No business likes to get bad reviews on websites like Yelp, but one profession may have worked out a way to make sure those bad reviews don’t stick around for long: Copyright infringement.
Around 3,000 doctors in the US use the services of a company called Medical Justice which, for just $1,200 a year, will protect its customers from medical malpractice suits. Oh, and make sure that patients sign away their review copyright to their doctors in the middle of all the other paperwork they have to fill in, allowing doctors to then go to review sites and demand the bad reviews be taken down because they’re in breach of copyright.
According to Medical Justice, what they’re doing is not only protecting the doctors from unfair bad press – “Some sites say, we don’t know if you’re telling truth, and we don’t know if they’re telling the truth — it’s the Internet, so deal with it,” Medical Justice spokesman Shane Stadler is quoted as saying.

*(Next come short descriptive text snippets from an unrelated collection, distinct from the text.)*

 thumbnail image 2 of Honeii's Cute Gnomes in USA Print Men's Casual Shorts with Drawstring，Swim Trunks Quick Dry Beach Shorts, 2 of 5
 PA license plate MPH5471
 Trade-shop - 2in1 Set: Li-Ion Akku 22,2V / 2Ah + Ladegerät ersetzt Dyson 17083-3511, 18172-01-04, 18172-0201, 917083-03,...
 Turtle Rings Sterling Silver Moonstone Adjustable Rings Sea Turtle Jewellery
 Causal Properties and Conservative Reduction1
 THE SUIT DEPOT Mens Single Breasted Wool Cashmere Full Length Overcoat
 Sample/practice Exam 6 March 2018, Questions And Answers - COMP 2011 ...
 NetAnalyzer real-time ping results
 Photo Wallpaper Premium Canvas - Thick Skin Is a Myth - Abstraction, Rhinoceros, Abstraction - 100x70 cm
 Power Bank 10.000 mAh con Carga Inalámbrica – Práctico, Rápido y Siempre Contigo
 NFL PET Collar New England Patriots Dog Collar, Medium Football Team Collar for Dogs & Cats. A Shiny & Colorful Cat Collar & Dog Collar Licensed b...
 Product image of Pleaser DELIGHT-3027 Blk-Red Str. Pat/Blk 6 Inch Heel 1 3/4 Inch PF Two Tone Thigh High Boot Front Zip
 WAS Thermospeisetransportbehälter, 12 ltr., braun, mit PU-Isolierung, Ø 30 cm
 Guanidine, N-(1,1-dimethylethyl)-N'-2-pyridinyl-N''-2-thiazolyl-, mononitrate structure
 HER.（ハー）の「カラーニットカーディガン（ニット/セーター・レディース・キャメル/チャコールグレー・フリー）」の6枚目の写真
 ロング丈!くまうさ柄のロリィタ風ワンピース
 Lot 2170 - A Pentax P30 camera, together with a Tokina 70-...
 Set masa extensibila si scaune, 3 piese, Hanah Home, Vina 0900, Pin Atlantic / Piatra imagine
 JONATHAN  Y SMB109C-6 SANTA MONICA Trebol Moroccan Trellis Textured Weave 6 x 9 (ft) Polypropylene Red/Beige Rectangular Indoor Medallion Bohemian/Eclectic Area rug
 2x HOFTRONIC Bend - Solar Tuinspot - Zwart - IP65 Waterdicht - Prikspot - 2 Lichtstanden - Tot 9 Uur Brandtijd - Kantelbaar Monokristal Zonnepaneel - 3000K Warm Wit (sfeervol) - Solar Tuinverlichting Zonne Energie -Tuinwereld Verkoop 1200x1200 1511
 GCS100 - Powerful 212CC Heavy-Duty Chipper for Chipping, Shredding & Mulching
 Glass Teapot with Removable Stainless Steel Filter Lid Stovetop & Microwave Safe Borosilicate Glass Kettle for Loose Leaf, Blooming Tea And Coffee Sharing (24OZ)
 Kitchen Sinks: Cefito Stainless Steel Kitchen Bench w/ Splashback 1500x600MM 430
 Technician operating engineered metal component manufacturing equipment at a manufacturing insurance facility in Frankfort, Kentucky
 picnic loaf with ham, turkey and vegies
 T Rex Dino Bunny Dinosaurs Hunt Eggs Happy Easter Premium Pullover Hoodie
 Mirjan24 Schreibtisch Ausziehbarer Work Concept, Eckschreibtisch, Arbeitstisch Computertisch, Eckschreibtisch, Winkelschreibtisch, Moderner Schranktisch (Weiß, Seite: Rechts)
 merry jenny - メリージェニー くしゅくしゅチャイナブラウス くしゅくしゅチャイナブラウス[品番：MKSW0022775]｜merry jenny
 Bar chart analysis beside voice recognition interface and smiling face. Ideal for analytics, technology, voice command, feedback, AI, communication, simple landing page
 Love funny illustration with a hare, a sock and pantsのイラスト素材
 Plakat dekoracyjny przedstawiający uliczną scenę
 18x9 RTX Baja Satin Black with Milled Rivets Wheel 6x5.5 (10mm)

It’s actually less onerous than what the company previously did, which was to issue contracts to patients forbidding them to post any reviews online.
The company calls this fighting “physician Internet libel and web defamation,” but not everyone agrees that’s a good thing: Law professors Eric Goldman and Jason Schultz have launched a new site called DoctoredReviews.com to help patients, doctors and review sites deal with Medical Justice:
Medical Justice’s efforts may be a sign of things to come. Imagine if other companies used similar contracts. Before you get a haircut, before you buy a six-pack of soda at the local grocery store or before you order a meal at a restaurant, imagine you were required to keep quiet and never post your opinion online about the product or service you purchased. Sound ridiculous? It does to us, and we think it’s no less ridiculous when doctors demand this of their patients.
The new site plans to shame doctors using Medical Justice into withdrawing from those contracts, and allow free speech and the Internet to triumph. Meanwhile, other businesses are undoubtedly wondering whether they can sneak copyright contracts into their everyday transactions without customers noticing.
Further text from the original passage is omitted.